::: Records for processing

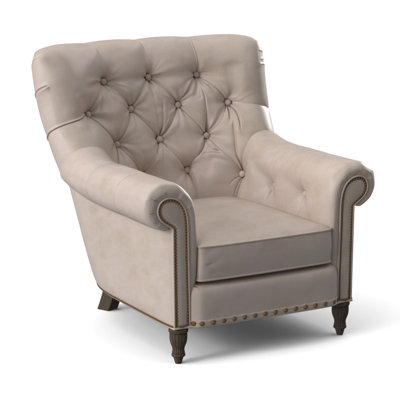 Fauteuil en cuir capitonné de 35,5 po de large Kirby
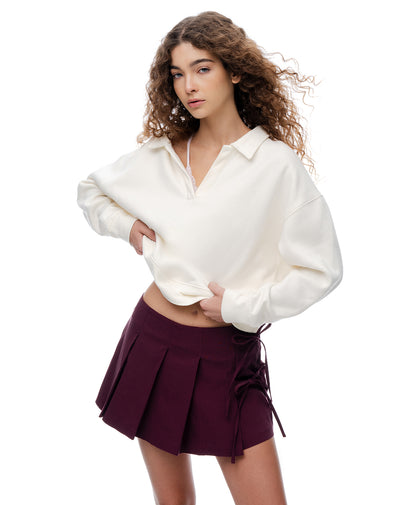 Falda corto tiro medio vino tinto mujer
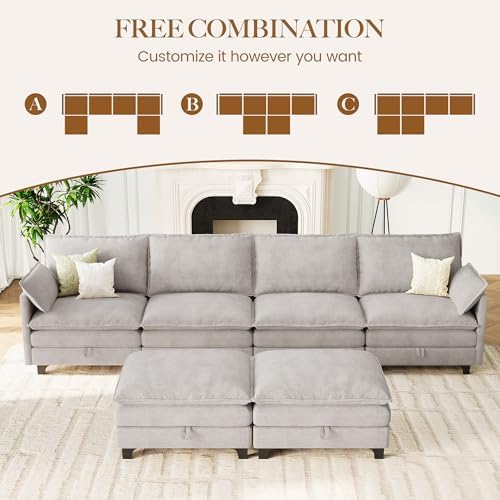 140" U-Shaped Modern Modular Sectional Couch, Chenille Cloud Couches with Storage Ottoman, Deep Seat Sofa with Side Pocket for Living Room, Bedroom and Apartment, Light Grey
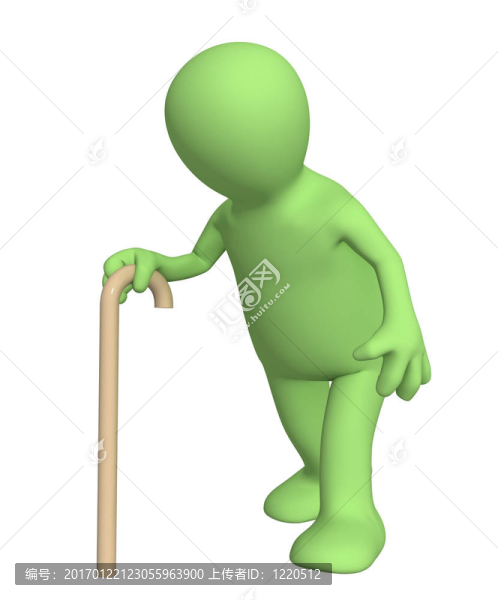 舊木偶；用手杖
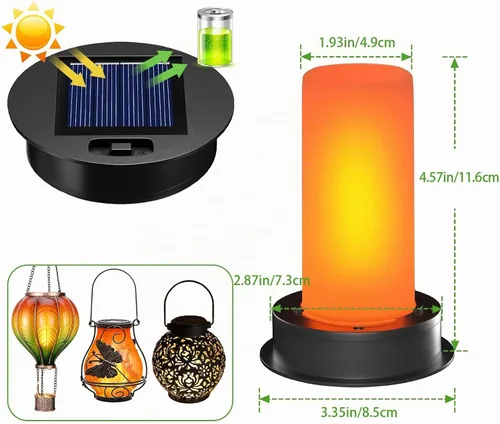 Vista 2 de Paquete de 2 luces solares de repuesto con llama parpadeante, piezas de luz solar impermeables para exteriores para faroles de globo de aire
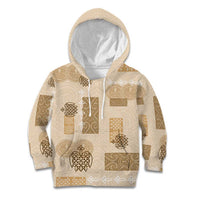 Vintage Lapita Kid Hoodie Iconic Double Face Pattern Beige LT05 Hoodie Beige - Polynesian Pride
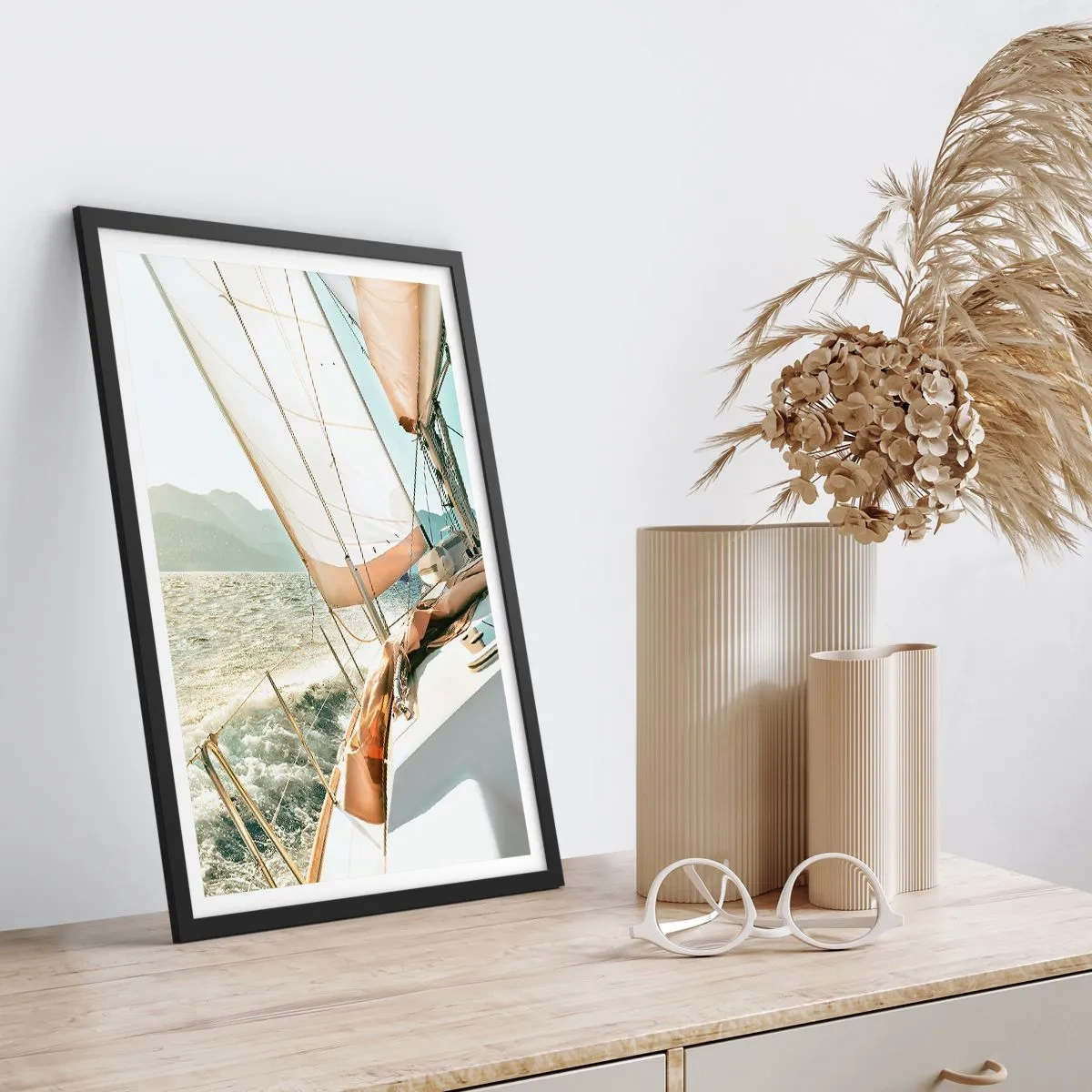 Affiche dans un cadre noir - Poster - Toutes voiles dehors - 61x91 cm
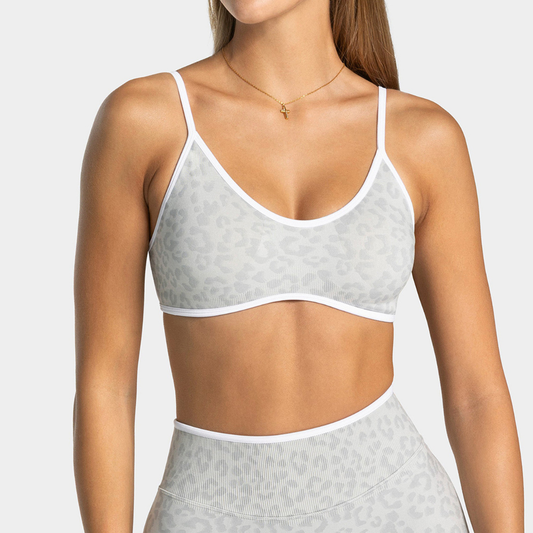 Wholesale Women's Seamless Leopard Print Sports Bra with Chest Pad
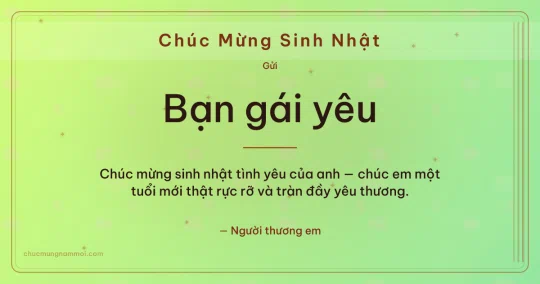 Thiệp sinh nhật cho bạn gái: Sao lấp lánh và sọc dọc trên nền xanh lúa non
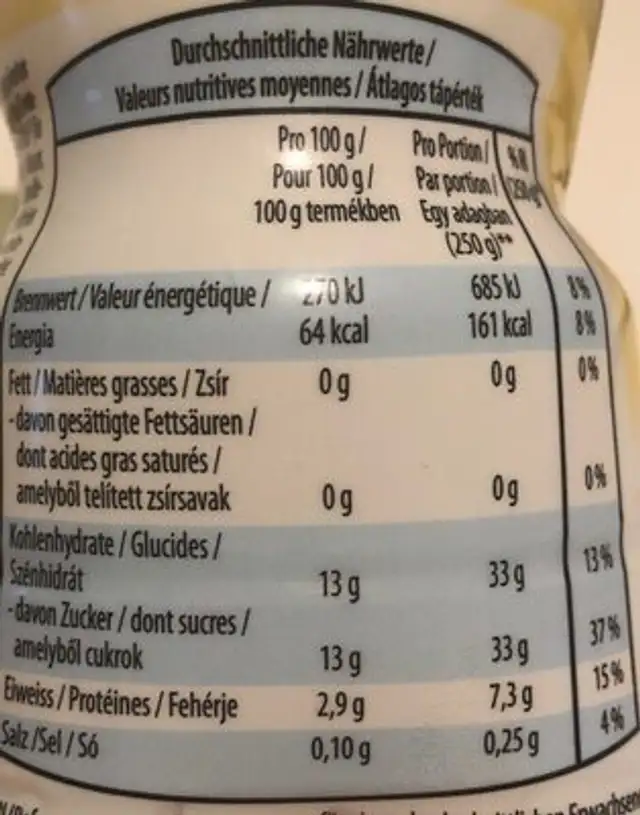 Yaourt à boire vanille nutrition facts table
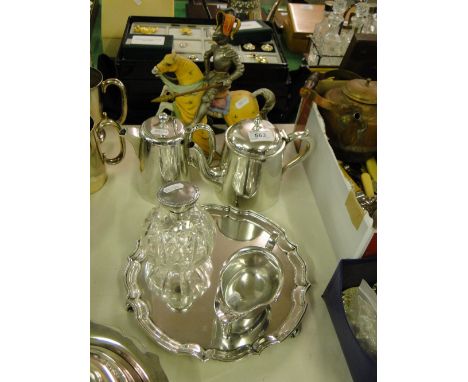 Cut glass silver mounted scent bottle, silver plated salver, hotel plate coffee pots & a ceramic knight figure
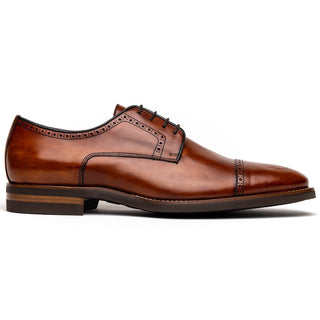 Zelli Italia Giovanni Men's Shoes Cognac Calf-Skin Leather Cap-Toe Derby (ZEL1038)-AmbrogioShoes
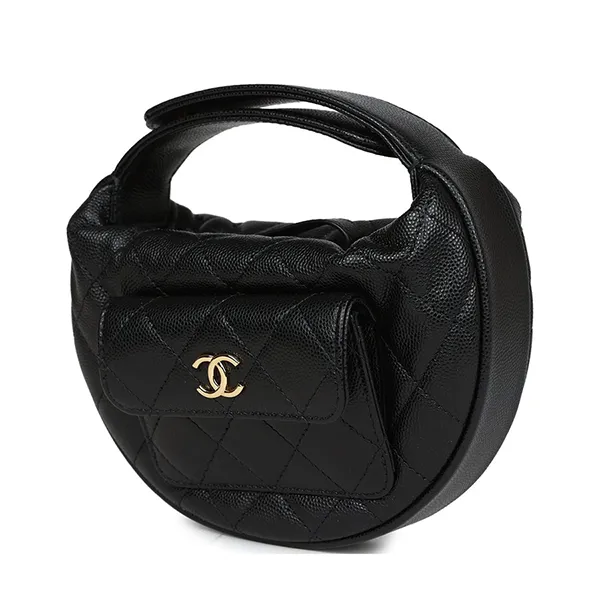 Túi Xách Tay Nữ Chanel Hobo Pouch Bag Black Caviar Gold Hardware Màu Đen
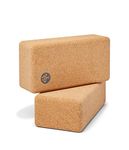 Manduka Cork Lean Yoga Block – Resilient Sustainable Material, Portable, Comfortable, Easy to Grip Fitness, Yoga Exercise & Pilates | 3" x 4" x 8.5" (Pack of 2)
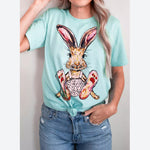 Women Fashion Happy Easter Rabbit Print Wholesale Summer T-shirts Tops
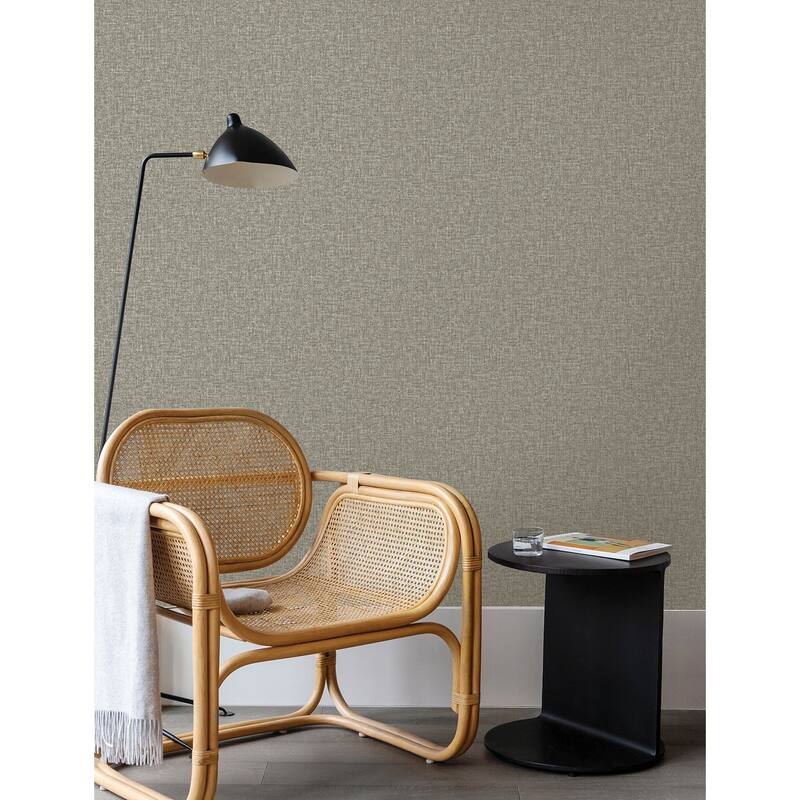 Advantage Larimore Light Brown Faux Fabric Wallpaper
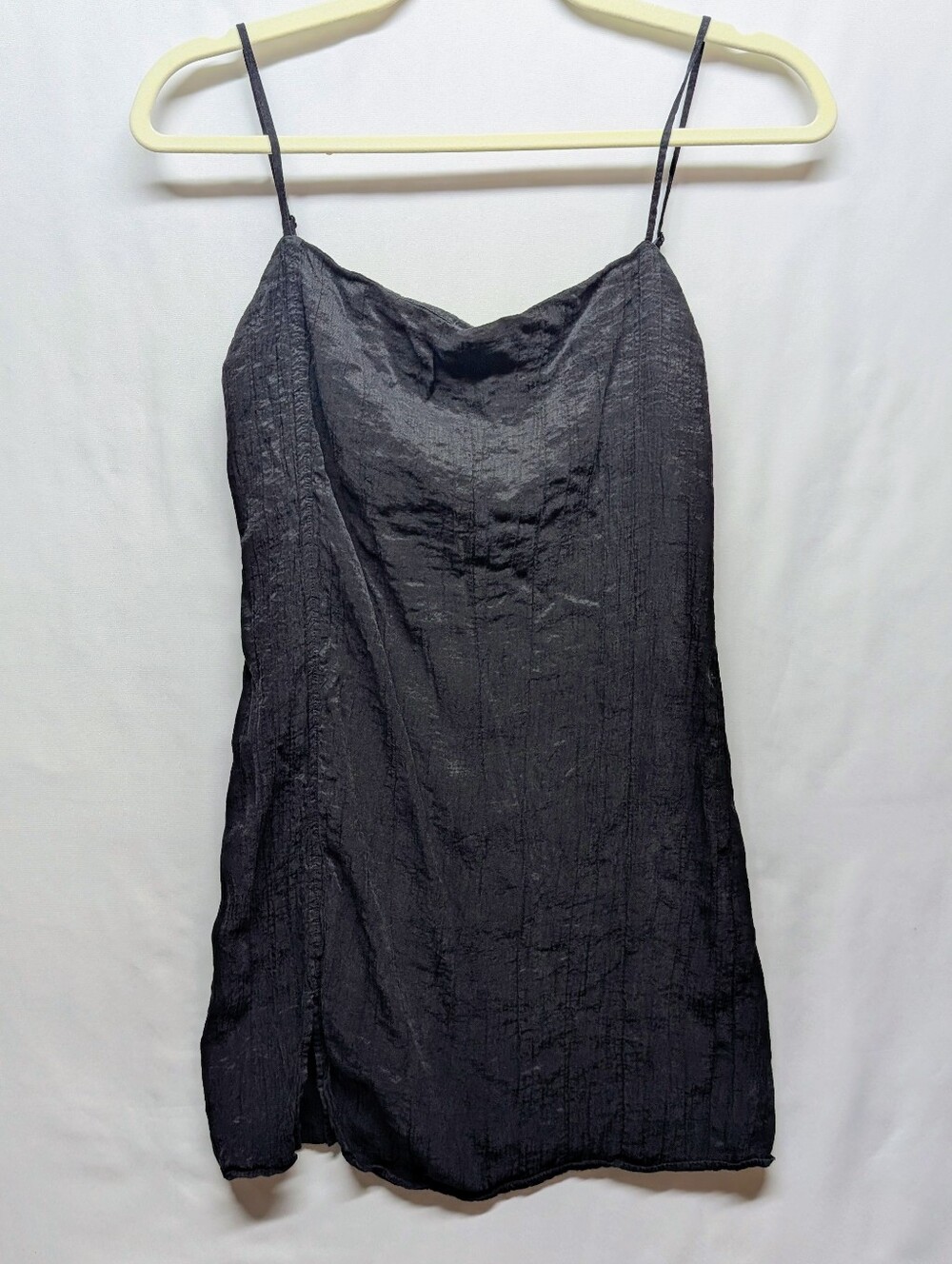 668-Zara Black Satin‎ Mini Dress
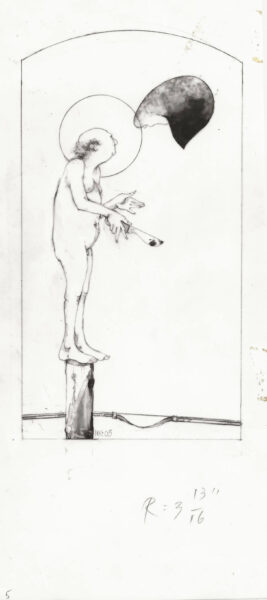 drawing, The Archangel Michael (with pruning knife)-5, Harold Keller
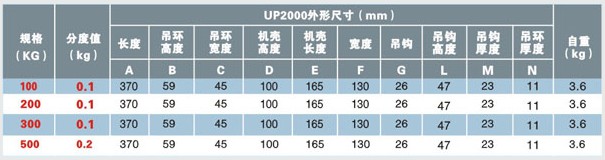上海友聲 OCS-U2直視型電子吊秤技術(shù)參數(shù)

::::::

> _Task prompt_: Omit the pictures, then output every record exactly as given.

> _Solution to this problem_:
 Fauteuil en cuir capitonné de 35,5 po de large Kirby
 Falda corto tiro medio vino tinto mujer
 140" U-Shaped Modern Modular Sectional Couch, Chenille Cloud Couches with Storage Ottoman, Deep Seat Sofa with Side Pocket for Living Room, Bedroom and Apartment, Light Grey
 舊木偶；用手杖
 Vista 2 de Paquete de 2 luces solares de repuesto con llama parpadeante, piezas de luz solar impermeables para exteriores para faroles de globo de aire
 Vintage Lapita Kid Hoodie Iconic Double Face Pattern Beige LT05 Hoodie Beige - Polynesian Pride
 Affiche dans un cadre noir - Poster - Toutes voiles dehors - 61x91 cm
 Wholesale Women's Seamless Leopard Print Sports Bra with Chest Pad
 Thiệp sinh nhật cho bạn gái: Sao lấp lánh và sọc dọc trên nền xanh lúa non
 Yaourt à boire vanille nutrition facts table
 Cut glass silver mounted scent bottle, silver plated salver, hotel plate coffee pots & a ceramic knight figure
 Zelli Italia Giovanni Men's Shoes Cognac Calf-Skin Leather Cap-Toe Derby (ZEL1038)-AmbrogioShoes
 Túi Xách Tay Nữ Chanel Hobo Pouch Bag Black Caviar Gold Hardware Màu Đen
 Manduka Cork Lean Yoga Block – Resilient Sustainable Material, Portable, Comfortable, Easy to Grip Fitness, Yoga Exercise & Pilates | 3" x 4" x 8.5" (Pack of 2)
 Women Fashion Happy Easter Rabbit Print Wholesale Summer T-shirts Tops
 Advantage Larimore Light Brown Faux Fabric Wallpaper
 668-Zara Black Satin‎ Mini Dress
 drawing, The Archangel Michael (with pruning knife)-5, Harold Keller
上海友聲 OCS-U2直視型電子吊秤技術(shù)參數(shù)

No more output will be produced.